The court stressed that the pastor in this case was not a “therapeutic counselor with any state license or state-recognized credentials, but rather was merely a religious counselor.” As a result, there was no basis for concluding that “the pastoral counseling relationship and behavior in question may be regarded as essentially secular in nature.”

The court further observed that “the only circumstance that distinguishes the relationship between [the wife and pastor in this case] from the ordinary adulterous relationship is the fact that the defendant is a minister. Because a tort action based strictly upon adulterous conduct is prohibited by the [state law], liability, if any, must arise from defendant’s status as a minister. However, to impose greater liability on an adulterer who happens to be a minister than on any other adulterer would, in our view, violate constitutional principles.”

negligent ordination

The couple claimed that the parent with which the church was affiliated, and that had ordained the pastor, was liable for his acts on the basis of “negligent ordination.” The court disagreed, noting that “the ordination of clergy is a quintessentially religious activity, and imposing liability for conferring that status would excessively entangle the court in religious affairs, in violation of the first amendment.

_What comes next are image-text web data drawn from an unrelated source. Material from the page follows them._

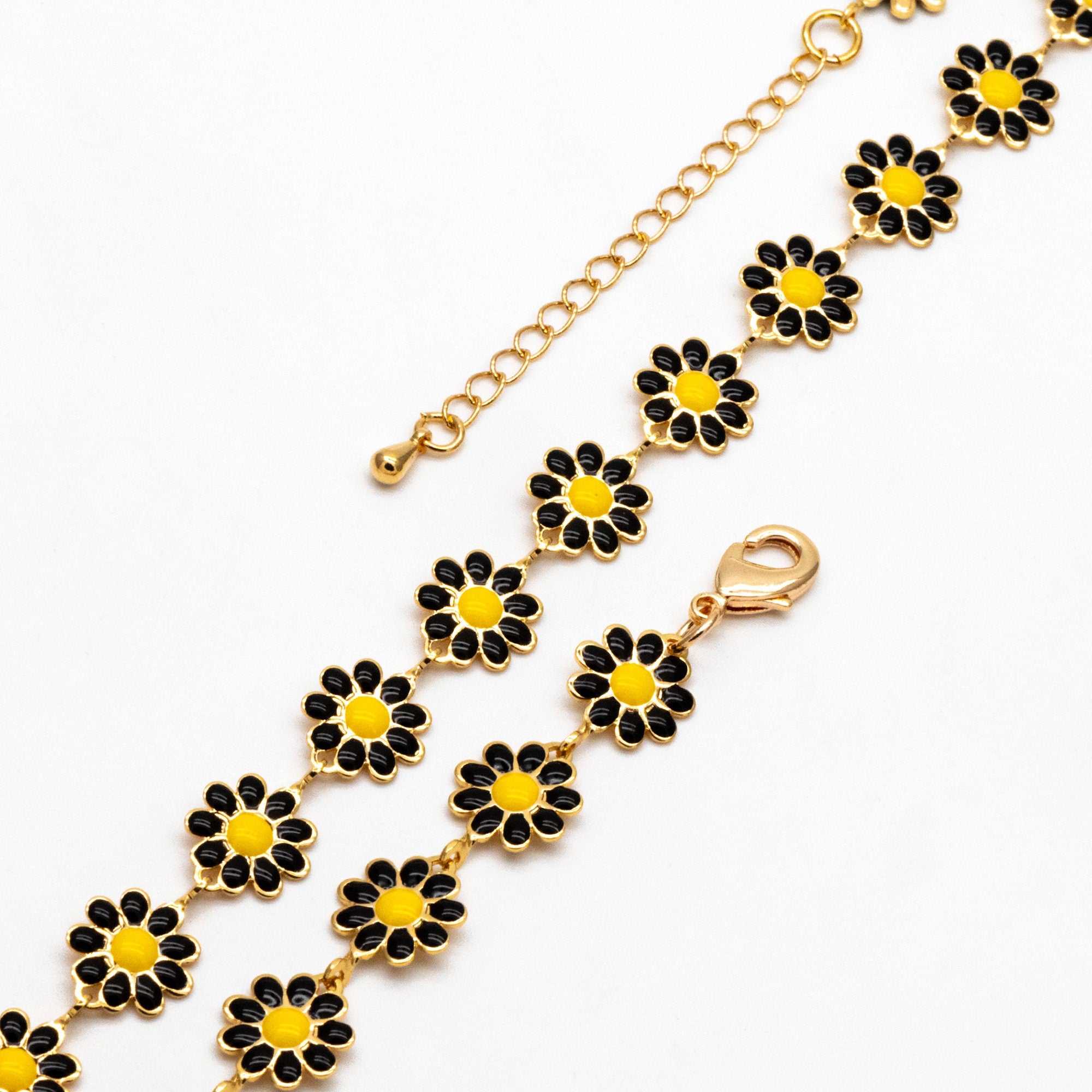 Gold plated Enamel Daisy Chain, Finished Bracelet/ Anklet/ Necklace with Extender Chain, Adjustable Rainbow Jewelry, Ready to Wear (#LK-580)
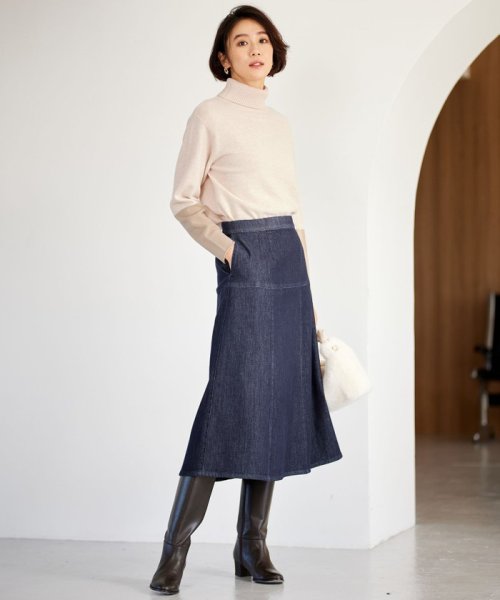 【洗える】ウスカルデニム スカート 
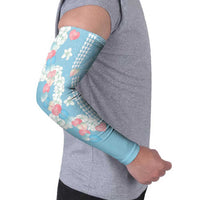 Blue Hawaii Anthurium Plumeria Lei Arm Sleeves LT9 - Polynesian Pride
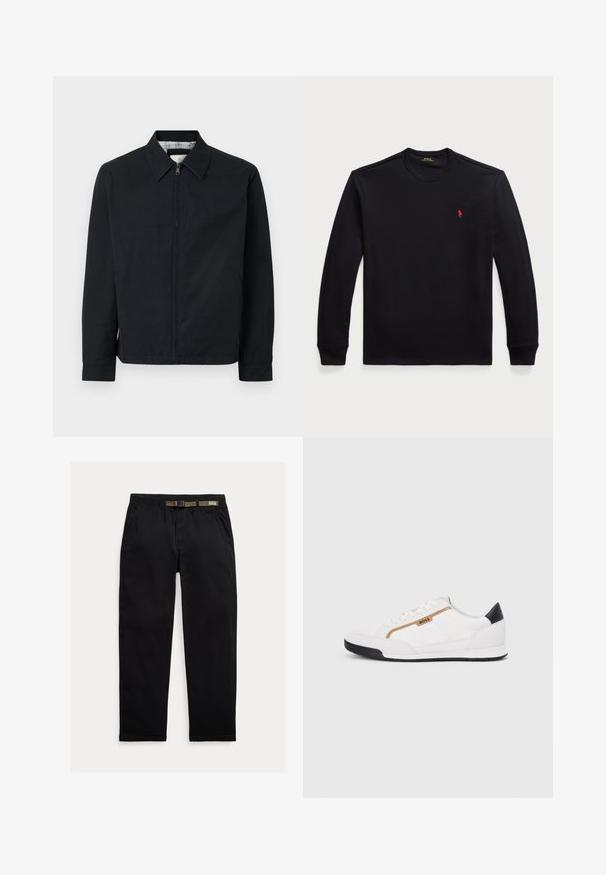 Giacca nera con zip frontale, colletto a punta, tasche laterali e fodera a scacchi a contrasto. Presenta maniche lunghe e una linea dritta.; Maglietta nera di cotone a maniche lunghe con scollo tondo, dotata di un piccolo logo rosso sul petto. Texture liscia e design aderente.; Pantaloni neri in tessuto leggero, dotati di una cintura elastica integrata di colore verde, taglio dritto e tasche laterali.; Scarpe sportive bianche con accenti in rete e pelle. Presentano un logo dorato "BOSS", pannelli laterali testurizzati e un copri tallone nero. Suola in gomma.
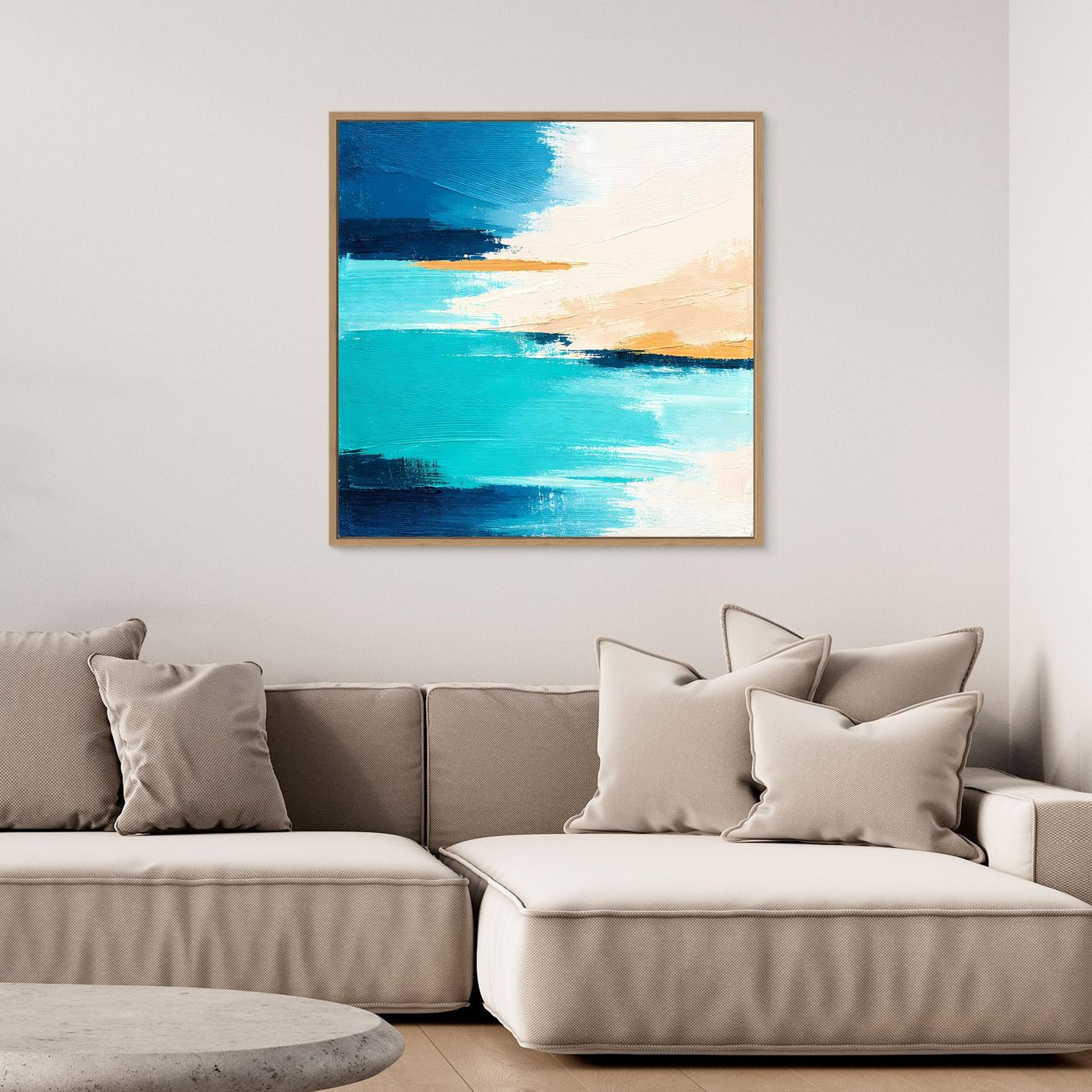 Leinwand Abstrakte Meeresbrise in Türkis und Beige | Modernes Acryl Wandbild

negligent hiring, retention and supervision

Since the pastor was not found liable for any malfeasance, his church and denomination could not be liable for their alleged negligence in hiring, supervising, or retaining him.

Application. This case is important for a couple of reasons. First, the court rejected “breach of fiduciary duty” as a basis for liability in cases involving sexual relationships between a pastor and counselee, so long as the pastor is not a state-licensed counselor providing “secular” counseling. Second, this is one of the few cases to directly address the concept of “negligent ordination.” Can a church or denominational agency be legally responsible for the acts of ministers it ordains on the basis of its “negligence” in ordaining them? The court summarily rejected this idea, noting that “the ordination of clergy is a quintessentially religious activity, and imposing liability for conferring that status would excessively entangle the court in religious affairs, in violation of the first amendment.” Wende C. v. United Methodist Church, 776 N.Y.S.2d 390 (N.Y. App. 2004).